*YOUR GOAL*
Repeat the following entries exactly, excluding pictures.

*INFORMATION SHOWN*
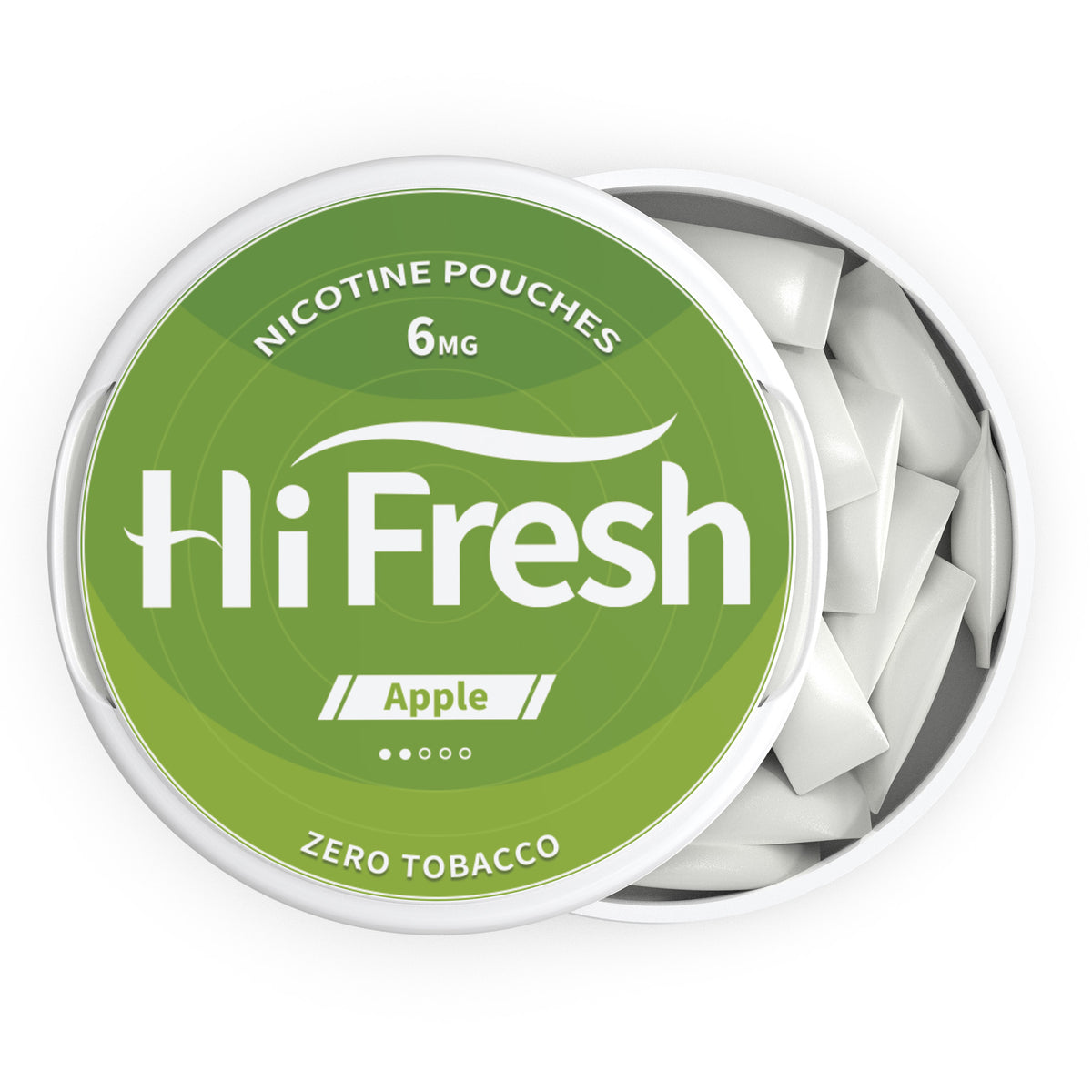 HiFresh Nicotine pouches Apple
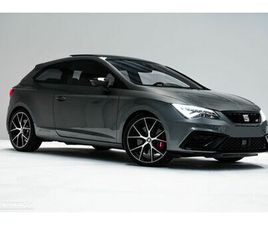 SEAT LEON SC 2.0 TSI S&S DSG CUPRA 300
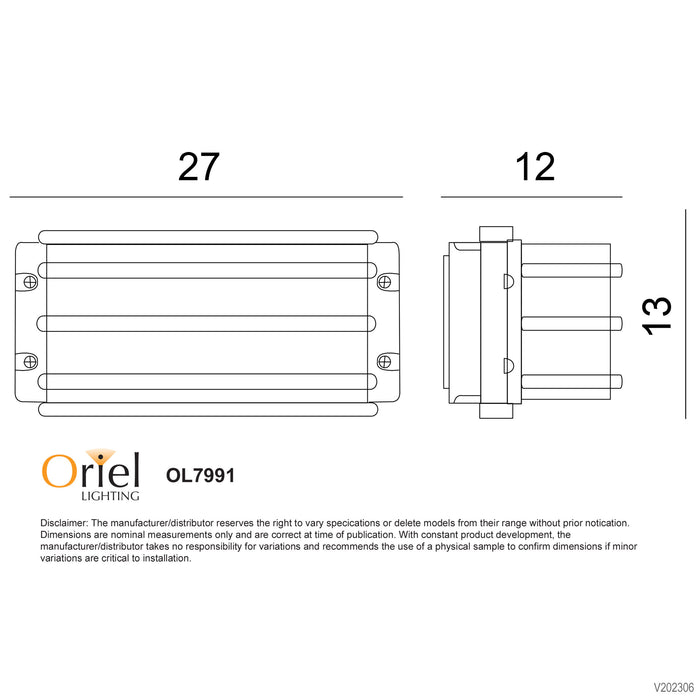 Deck Guard Light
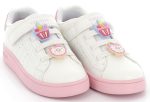 Geox Παιδικά Sneakers J Eclyper J65LRF 000BC C1364 Λευκό/Ροζ - Image 2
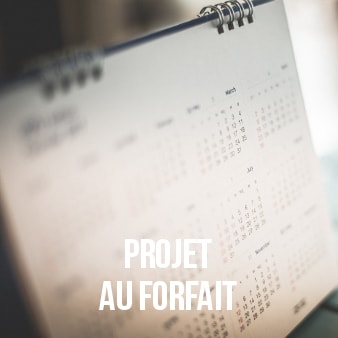 Projet forfait expertise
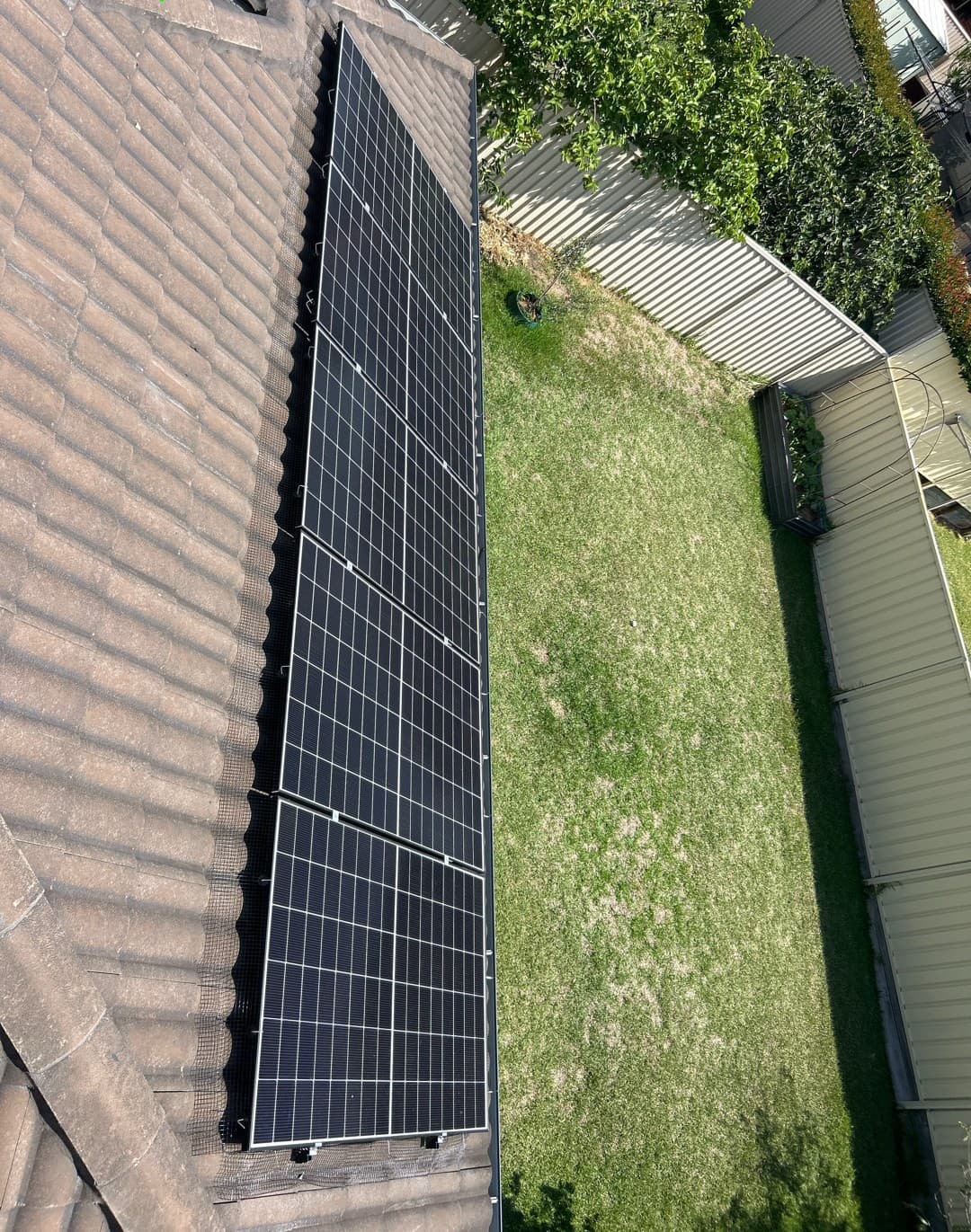 Solar Installation 3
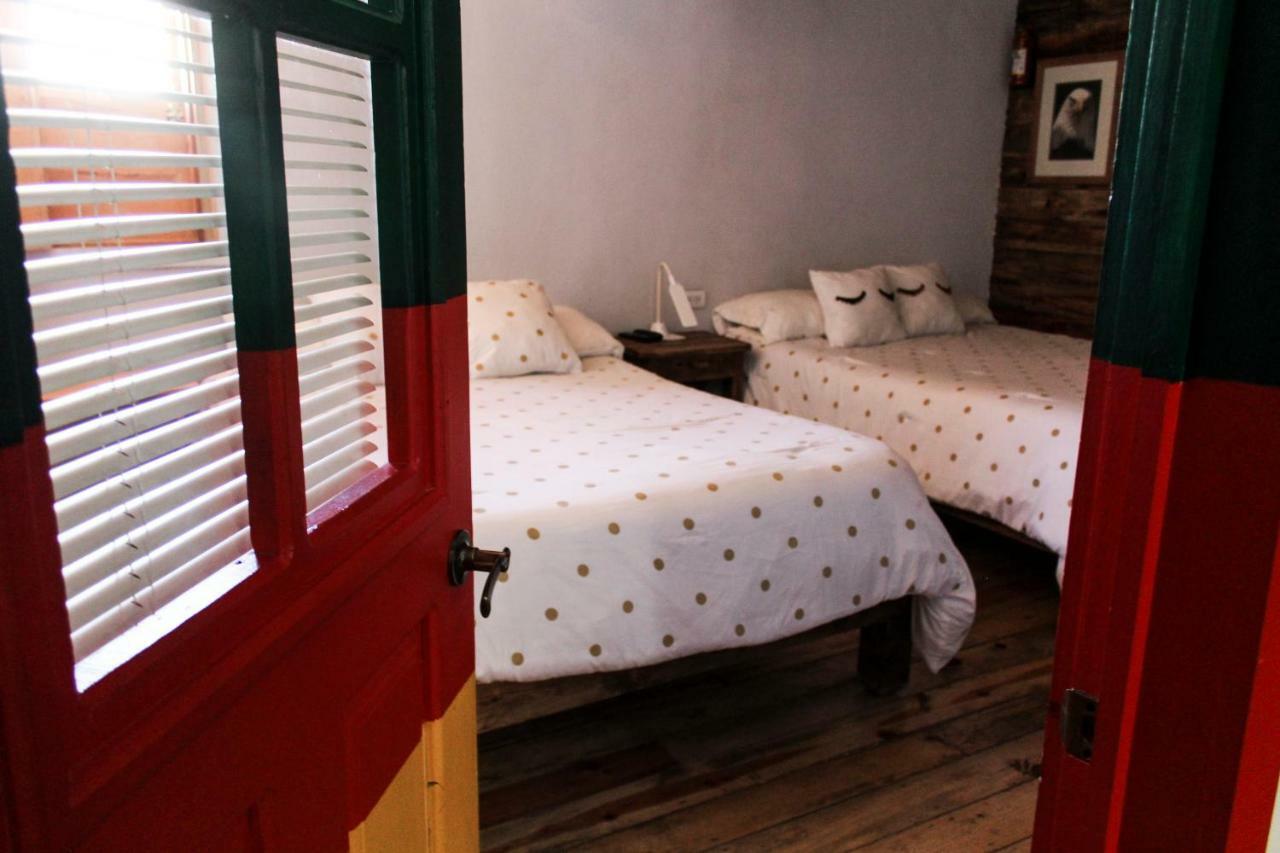Hotel La Estacion Creel Zewnętrze zdjęcie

*ANSWER FOR THE TASK*
 HiFresh Nicotine pouches Apple
 SEAT LEON SC 2.0 TSI S&S DSG CUPRA 300
 Deck Guard Light
 Geox Παιδικά Sneakers J Eclyper J65LRF 000BC C1364 Λευκό/Ροζ - Image 2
 Projet forfait expertise
 Solar Installation 3
Hotel La Estacion Creel Zewnętrze zdjęcie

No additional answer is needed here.